▸ **Task statement**
Restate each entry exactly, without pictures.
■ ■ ■ ■ ■
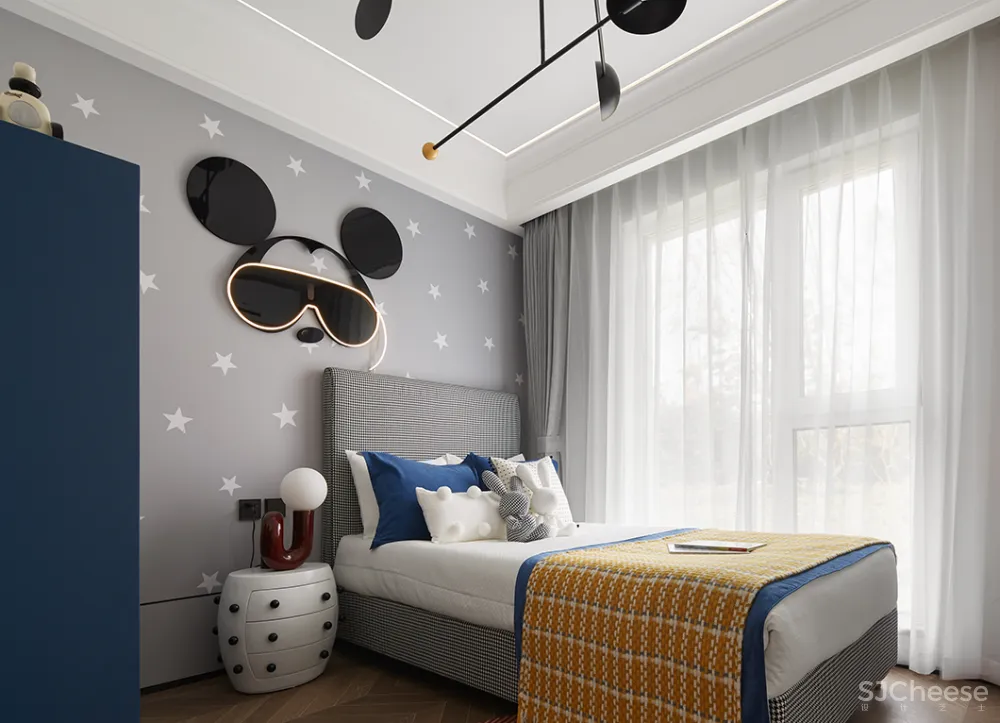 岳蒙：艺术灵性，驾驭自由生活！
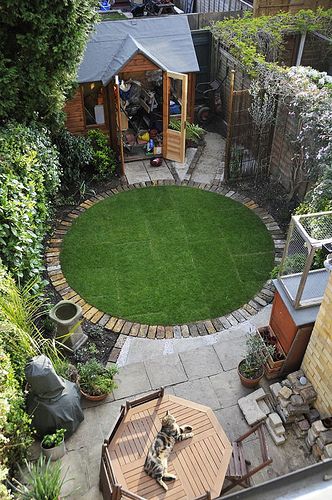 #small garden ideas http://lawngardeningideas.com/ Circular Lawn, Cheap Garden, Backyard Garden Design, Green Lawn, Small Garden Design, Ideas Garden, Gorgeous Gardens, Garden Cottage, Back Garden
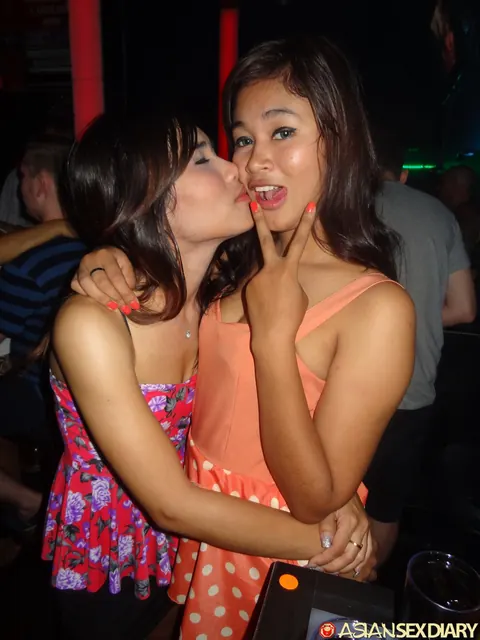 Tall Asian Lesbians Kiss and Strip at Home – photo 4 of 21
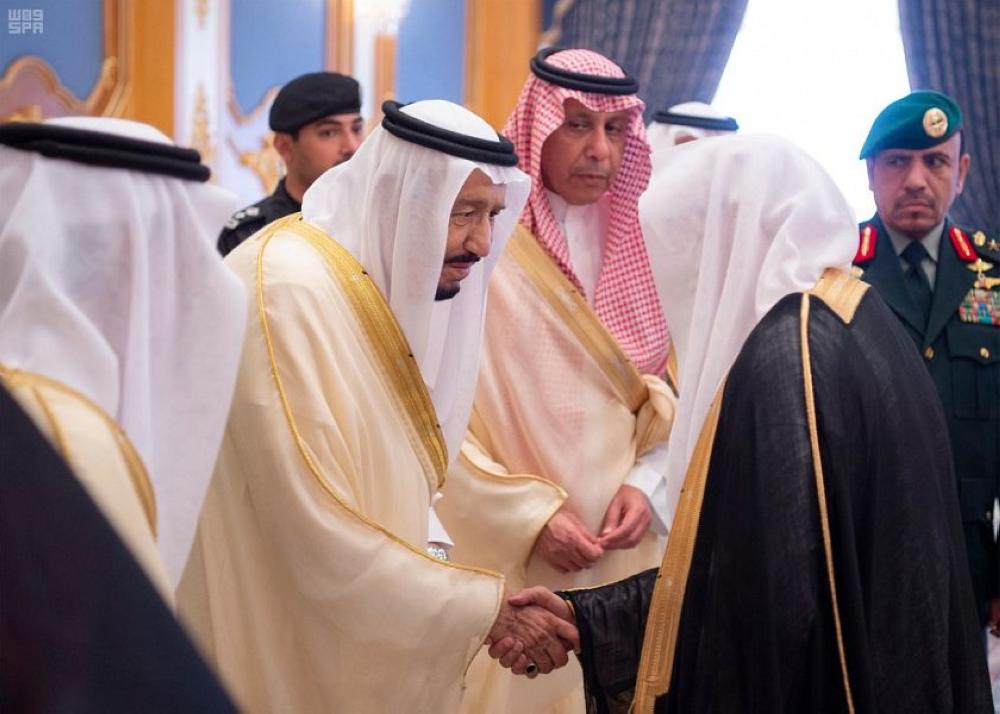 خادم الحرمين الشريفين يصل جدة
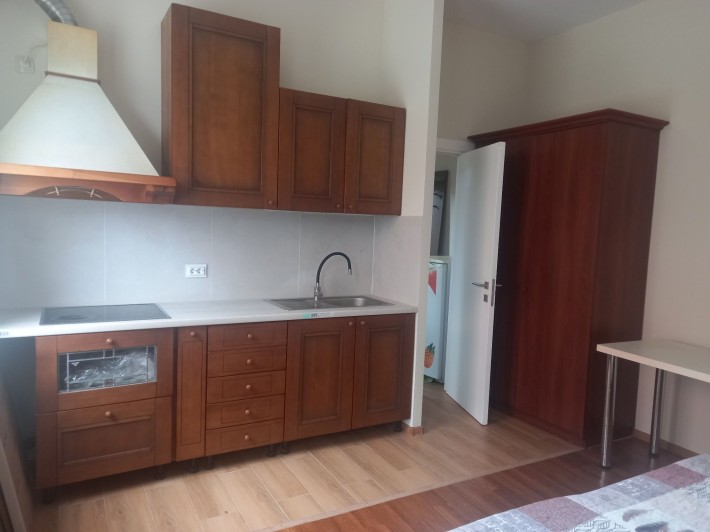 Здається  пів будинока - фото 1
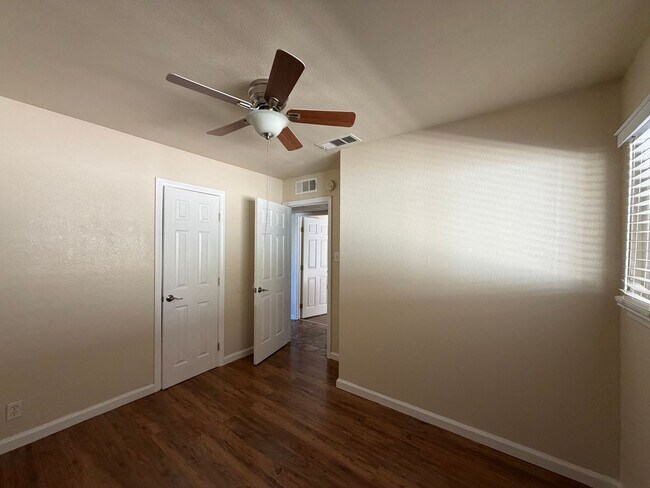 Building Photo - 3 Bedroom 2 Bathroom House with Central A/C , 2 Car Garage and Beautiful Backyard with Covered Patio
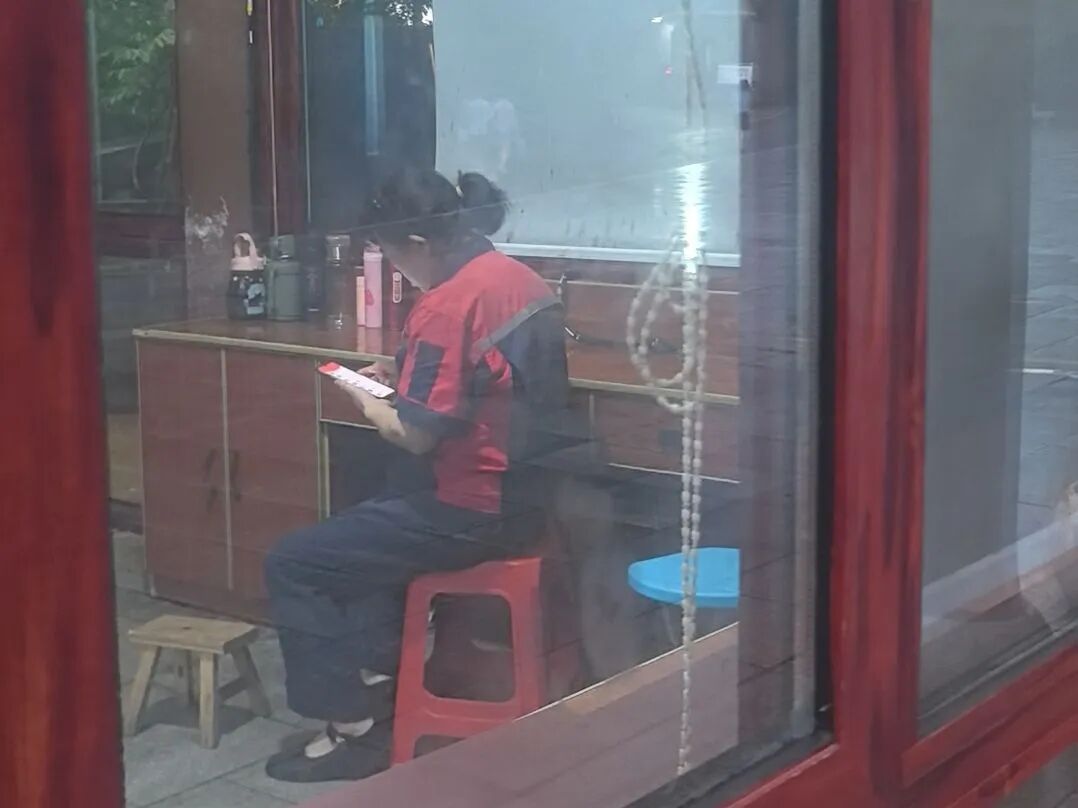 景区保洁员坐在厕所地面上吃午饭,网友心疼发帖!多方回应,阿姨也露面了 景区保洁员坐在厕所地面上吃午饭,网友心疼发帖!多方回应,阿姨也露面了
■ ■ ■ ■ ■
▸ **Written reply**
 岳蒙：艺术灵性，驾驭自由生活！
 #small garden ideas http://lawngardeningideas.com/ Circular Lawn, Cheap Garden, Backyard Garden Design, Green Lawn, Small Garden Design, Ideas Garden, Gorgeous Gardens, Garden Cottage, Back Garden
 Tall Asian Lesbians Kiss and Strip at Home – photo 4 of 21
 خادم الحرمين الشريفين يصل جدة
 Здається  пів будинока - фото 1
 Building Photo - 3 Bedroom 2 Bathroom House with Central A/C , 2 Car Garage and Beautiful Backyard with Covered Patio
 景区保洁员坐在厕所地面上吃午饭,网友心疼发帖!多方回应,阿姨也露面了 景区保洁员坐在厕所地面上吃午饭,网友心疼发帖!多方回应,阿姨也露面了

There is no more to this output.